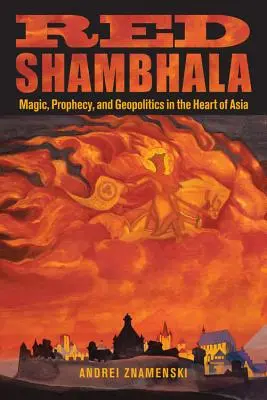 Červená Šambala: Mágia, proroctvo a geopolitika v srdci Ázie - Red Shambhala: Magic, Prophecy, and Geopolitics in the Heart of Asia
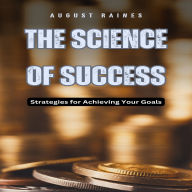 The Science of Success: Strategies for Achieving Your Goals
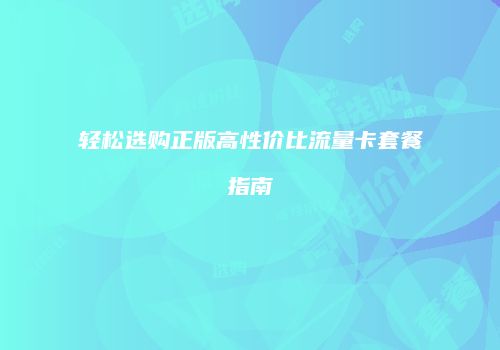 轻松选购正版高性价比流量卡套餐指南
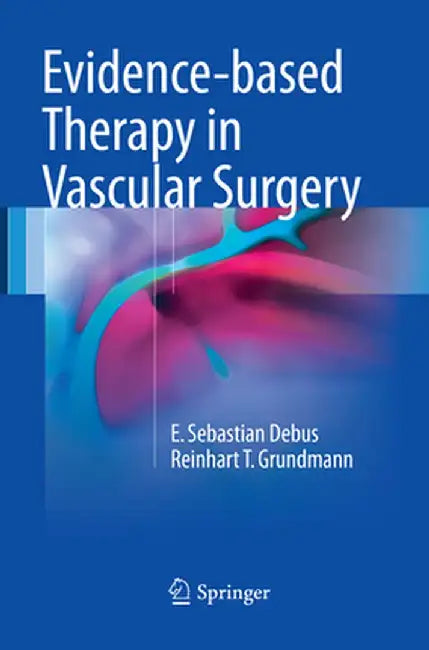 Evidence-Based Therapy in Vascular Surgery by E. Sebastian Debus
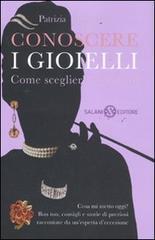 Conoscere i gioielli. Come sceglierli e portarli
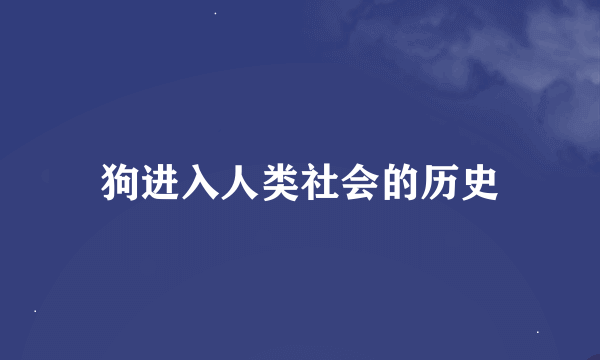 狗进入人类社会的历史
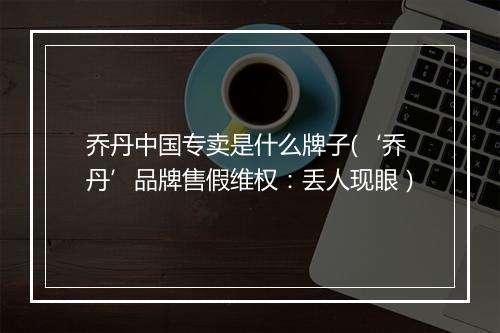 乔丹中国专卖是什么牌子(‘乔丹’品牌售假维权：丢人现眼）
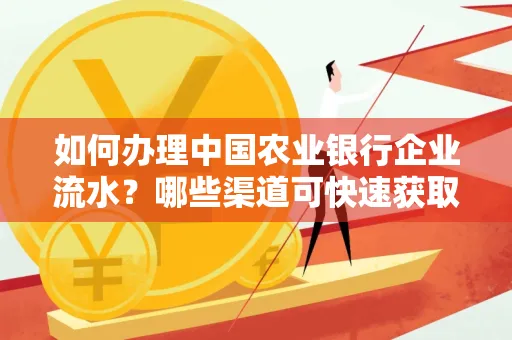 如何办理中国农业银行企业流水?哪些渠道可快速获取?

* [What is needed]: Make an exact copy of all the material, but keep the pictures out of it.

* [Task result]:
 Červená Šambala: Mágia, proroctvo a geopolitika v srdci Ázie - Red Shambhala: Magic, Prophecy, and Geopolitics in the Heart of Asia
 The Science of Success: Strategies for Achieving Your Goals
 轻松选购正版高性价比流量卡套餐指南
 Evidence-Based Therapy in Vascular Surgery by E. Sebastian Debus
 Conoscere i gioielli. Come sceglierli e portarli
 狗进入人类社会的历史
 乔丹中国专卖是什么牌子(‘乔丹’品牌售假维权：丢人现眼）
 如何办理中国农业银行企业流水?哪些渠道可快速获取?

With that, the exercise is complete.